今回は、セクシャリティの言葉の細分化とその意味について、考えてみたいと思います。
セクシャリティを表す際につかわれる3つの軸
私は自分のセクシャリティを、ジェンダークィアでパンセクシャルだと自認してきました。この表現は、セクシャリティを表す際に使われる3つの軸、「身体の性」「心の性(性自認)」「好きになる性(性的指向)」に基づくものです。私は身体の性が女性で、性自認がジェンダークィア、性的指向がパンセクシャルというわけです。
ちなみに、最近使われているSOGIという言葉は、この「性的指向(Sexual Orientation)」と「性自認(Gender Identity)」の頭文字をとったものです。
性的指向を示す「XXXセクシャル」という言葉は、「特定のセクシャリティやジェンダーを“好きになる”人」という意味で使われてきました。この場合の“好きになる”というのは、「(性欲も含む)恋愛感情を抱く」という意味です。この使い方においては、恋愛感情と性欲とはセットのように扱われ、あまり厳密に区別されていなかったように思います。
近頃、この「好きになる性」が「恋愛感情を感じる性」と「性欲を感じる性」とに細分化されて、軸が4つになりつつあるようです。
恋愛感情と性欲は必ずしも一致しない
この新しい軸が「恋愛的指向(Romantic orientation)」と呼ばれるもので、「XXXロマンティック」という言葉で表現されます。どのセクシャリティやジェンダーに対して恋愛感情を感じるか、という傾向のことです。

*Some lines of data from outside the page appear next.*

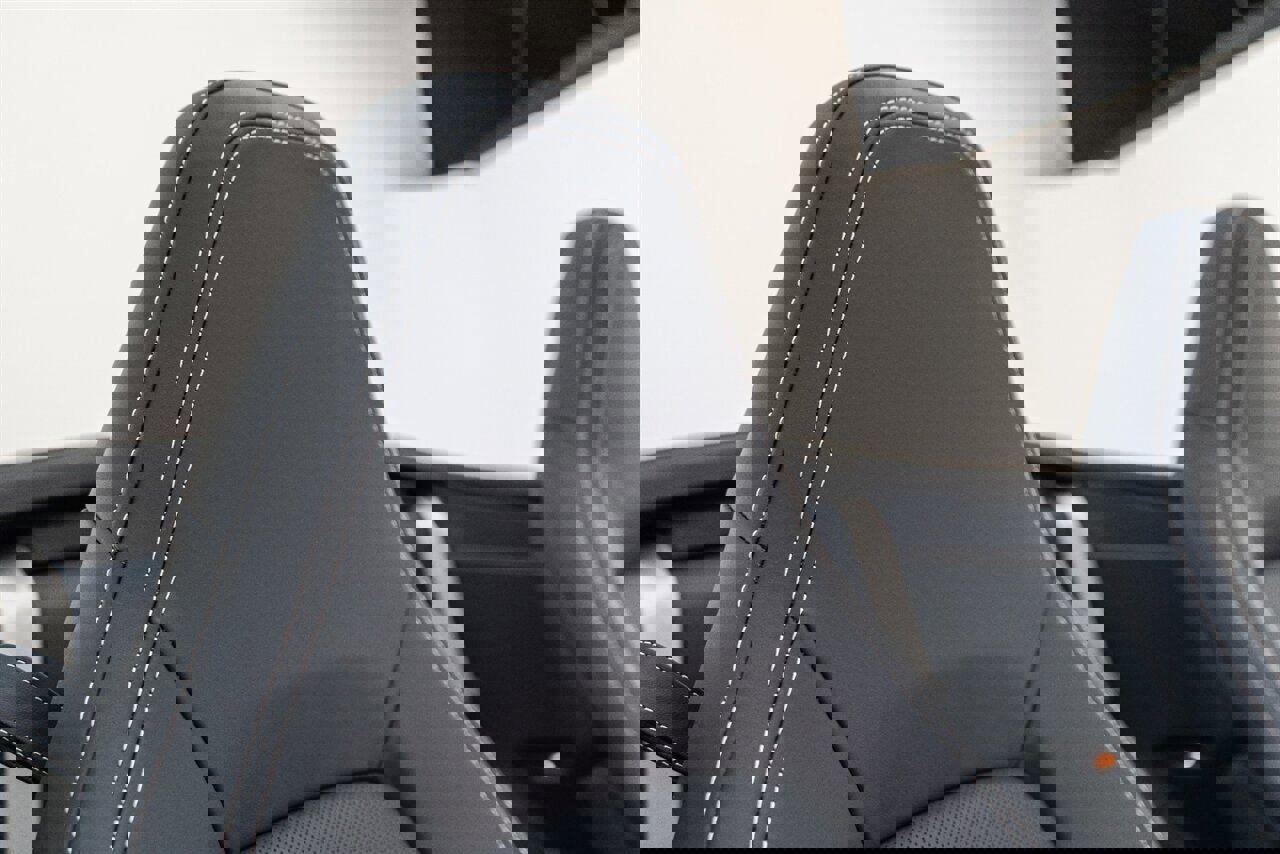 Used 2025 Porsche 911 Carrera w/ Premium Package image 45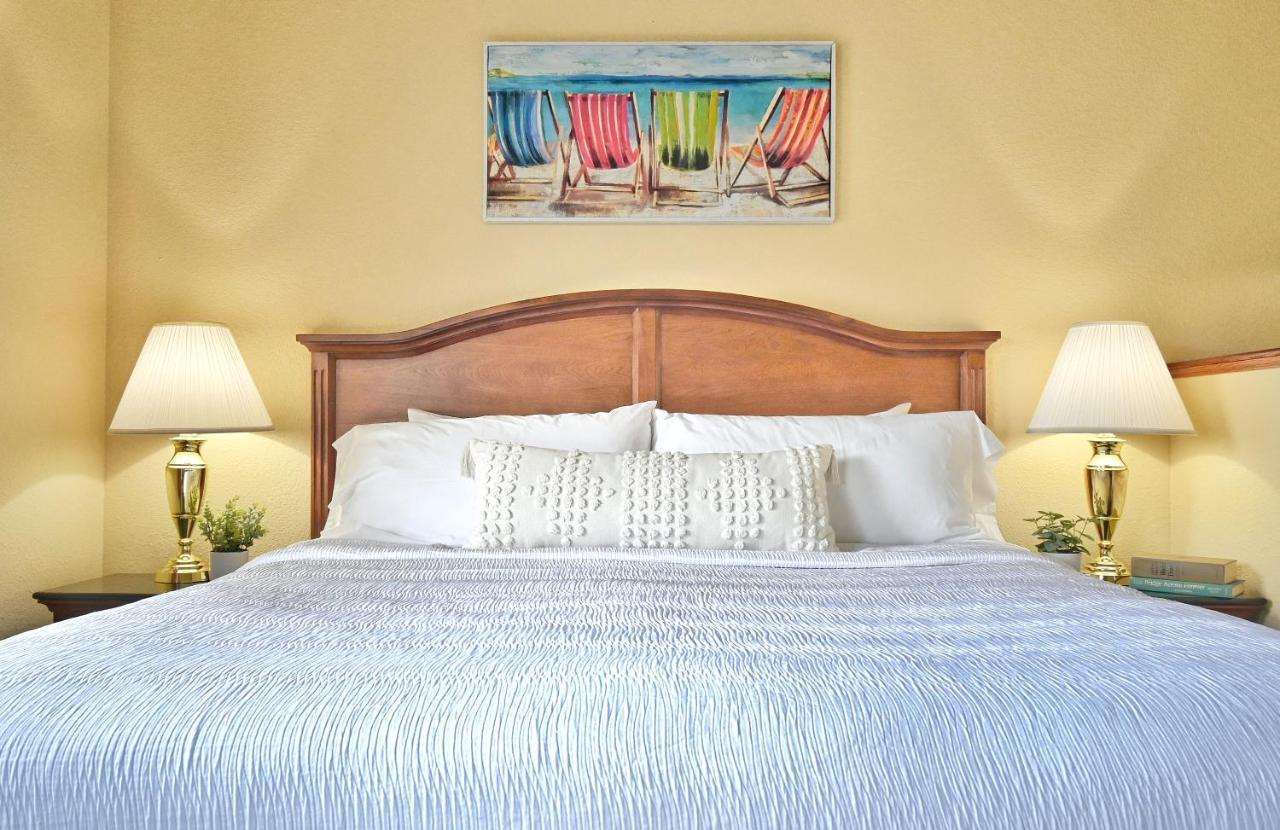 Four Seasons Island Resort Pembine Экстерьер фото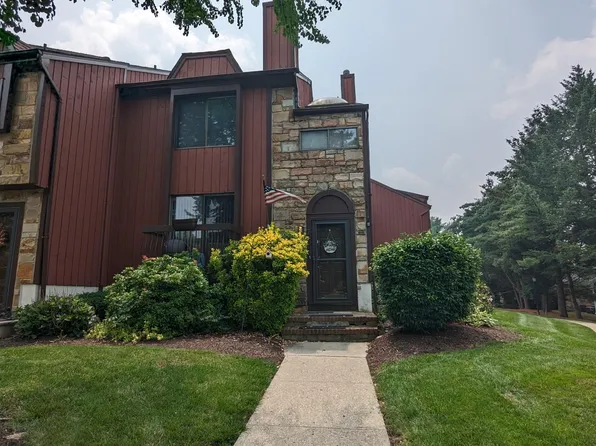7 Schindler Sq, Hackettstown, NJ 07840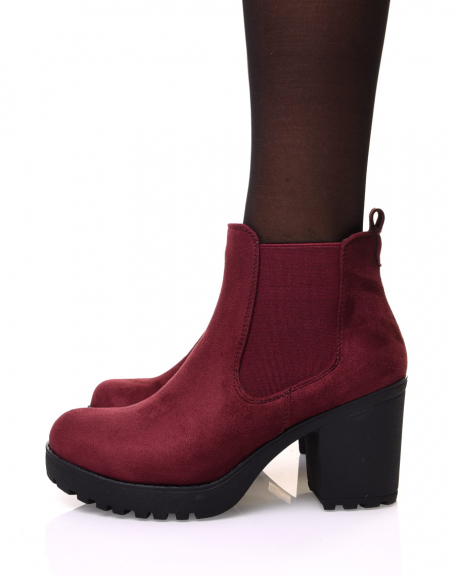 Burgundy chelsea boots in suede with mid-high heel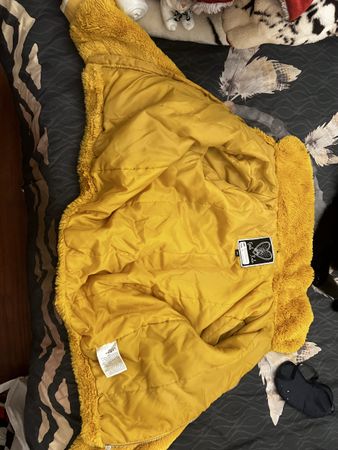 Flauschige warme Winterjacke in gelb Gr. 164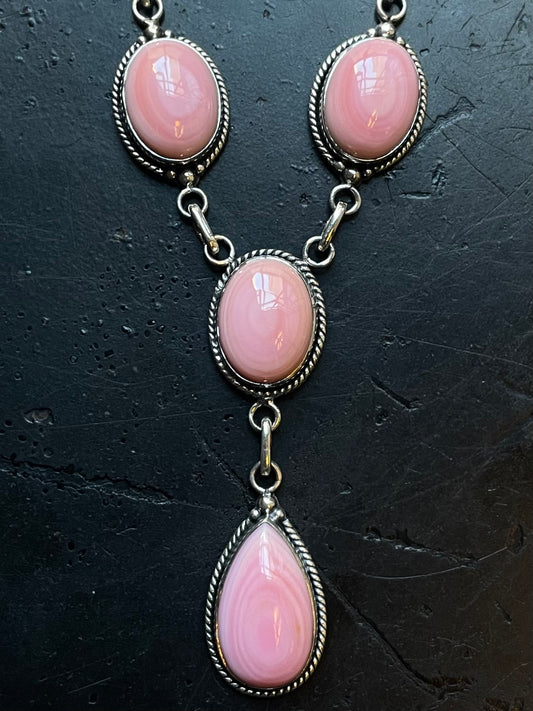 Pink Conch Lariat Necklace | Teardrop Station Drop | 925 Silver E585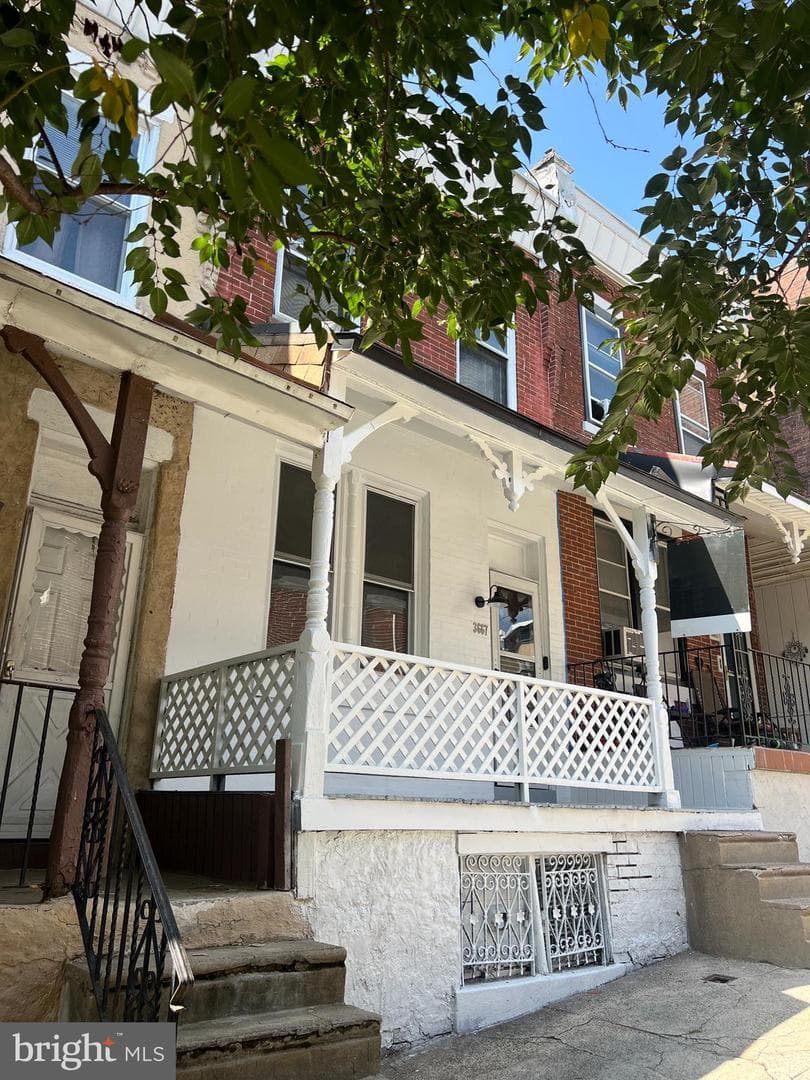 3667 Eveline Street photo 1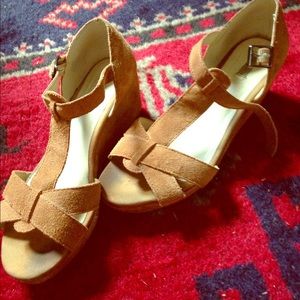 Kimchi Blue low wedge sandals tan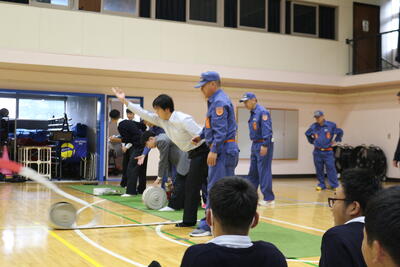 ホース投げ体験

少し複雑なのですが、従来の(広義の)性的指向という言葉が、恋愛的指向と(狭義の)性的指向に分かれた、ということができるでしょう。
ここを区別する必要があるのは、人によっては、「どんなセクシャリティやジェンダーの人に恋愛感情を感じるか」と「どんなセクシャリティやジェンダーの人に性欲を感じるか」が必ずしも一致しないからです。
特にアセクシャルの人たちにとって、この区別は重要なものだといえます。広義にアセクシャルと呼ばれる人たちの中にも、細かく分ければ「恋愛感情を感じないが、性欲を感じる人」「性欲を感じないが、恋愛感情を感じる人」「恋愛感情も性欲も感じない人」がいるからです。狭義にいうなら、性欲を感じないのがアセクシャル、恋愛感情を感じないのがアロマンティックということになります。
これがヘテロセクシャルとヘテロロマンティックなら、ヘテロセクシャルは異性に性欲を感じる人、ヘテロロマンティックは異性に恋愛感情を感じる人、という使い分けになるでしょう。